A couple years ago I bought a commercial property that needed a ton of upgrades - it was basically a 'distressed' property on the brink of being condemned.  The seller had managed to piss off everyone - bank, town, neighbours, fire department, tenants.  So I got it for a very lowball price ($650k).  In the past two years I worked on upgrading the building and repairing relationships and have now cleared all the outstanding issues and the value currently stands appraised at $1.2M.  There are 45 rental units, including 33 storage lockers, 10 art studios and two apartments.  Aside from a couple of small lockers (there is always a slow turnover) it is fully rented.

Monthly rents vary between $6700 and about $7200 (when fully rented), though I am about to increase rents by at least the rate of inflation.  Some of the units have long term tenants and I will have to raise them a bit more to bring them into line, but it will be a slow burn.  Within about 5 years I'll have rents up to about $11k.  Monthly labour at this point amounts to a few hours of cleaning and interacting with customers.  I spend nothing on advertising, storage is limited and in high demand in our community.
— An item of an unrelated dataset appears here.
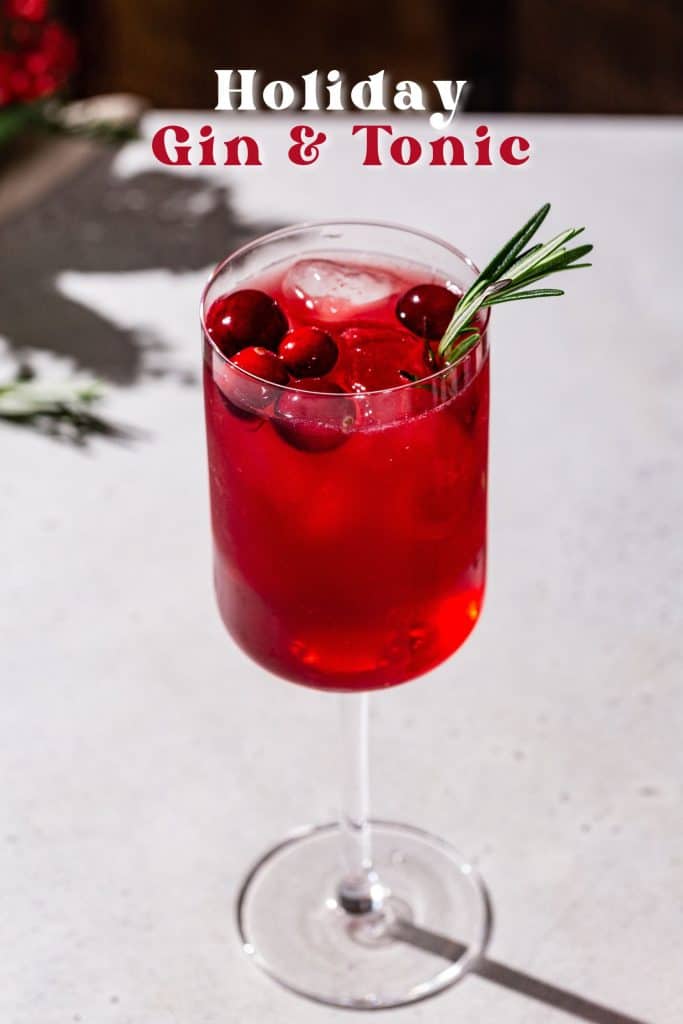 Overhead view of a Holiday gin and tonic in a square wine glass. The drink is red with cranberries and rosemary garnish. Text above the drink says “Holiday Gin & Tonic” in bold letters.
Not including sweat equity, I put about $110k into the upgrades, largely on upgrading the fire security and sprinkler system and drywalling all 46 rooms myself, as well as a bunch of electrical and plumbing upgrades (I opened one wall and found an 18 year old electric water heater that was operational, keeping water hot and not actually connected to a single sink....)

When I bought the place I used a shareholder loan from myself to my LLC of about $80k, then another of the remaining 110k.  I am about to renew the mortgage on the place and have to decide whether to increase the amount of the mortgage to repay myself the full shareholder loan (which takes it off my personal books and leaves all the debt in the LLC).

My choices are as follows:

1.  Increase the mortgage by $180k, repay my personal loan to the company and clear my personal books.  That transfer would be tax free as it is not income, but future income from the company is going to be taxable.  Of course there will be less flexibility in the books as the mortgage payment will be higher (~$4000 vs $2800).

2.  Leave the shareholder loan in place.  Collect interest each year.  When/if I ever sell the place then $200k will be immune from any tax.  A bit more flexibility in terms of monthly income, but it all pretty much goes into savings anyway.  I can, possibly, repay the loan much more slowly but leave the bank out of it.

Tax ramifications:  In Canada income on storage units is taxed at 50%, however that will never happen as any 'income' will be zeroed out by wages to me, which will then go directly into my tax sheltered accounts (RRSPs).  Capital gains tax is on 50% of any realized value increase, which would be less if the loan is not repaid.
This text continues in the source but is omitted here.